As per upstream: A DN may be represented in string form with arbitrary amounts of space around the component values. These spaces are supposed to be ignored, but invalid DNs strings with spaces may instead cause a zero byte to be written into out-of-bounds memory. An LDAP bind request can send a string DN as a username. This DN is necessarily parsed before the password is checked, so an attacker without real credentials can anonymously trigger this bug. The location of zero byte is a negative offset relative to the location of a dynamically allocated heap buffer; the exact offset depends on the DN string.
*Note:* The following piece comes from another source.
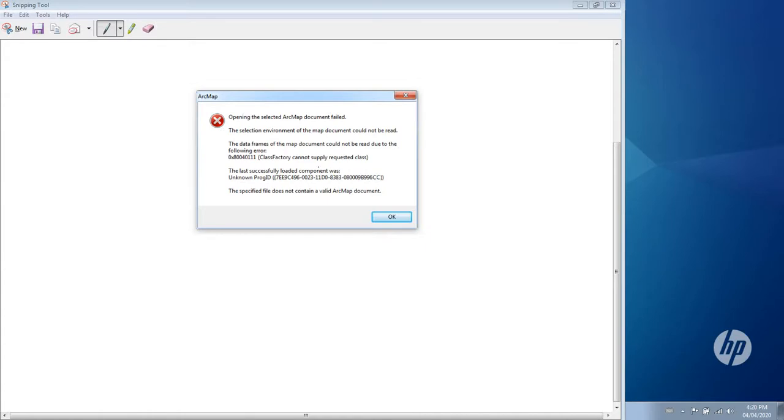A couple of weeks ago I had an error like this on opening an ArcMap document, one that I'd worked with the day before. Everything was fine. It was a new file, it was working well, but I did get this error message saying it could not be opened. What I wanted to use was the MXD Doctor as I had used it in the past. I just wanted to show you that today.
While it is possible for an attacker to cause non-fatal data corruption, usefully targeting this is likely to be difficult and the most likely outcome is a crash. The affected parsing routine is widely used. LDAP bind is not the only way to trigger the bug remotely, though it appears to be the only unauthenticated method.
Acknowledgments: Name: the Samba Project Upstream: Douglas Bagnall (Catalyst and the Samba Team)
Created samba tracking bugs for this issue: Affects: fedora-all [bug 1942496]
External References: https://www.samba.org/samba/security/CVE-2020-27840.html
This bug is now closed. Further updates for individual products will be reflected on the CVE page(s): https://access.redhat.com/security/cve/cve-2020-27840
Statement: This flaw does not affect the version of Samba shipped with Red Hat Enterprise Linux and Red Hat Gluster Storage 3 because there is no support for Samba as Active Directory Domain Controller.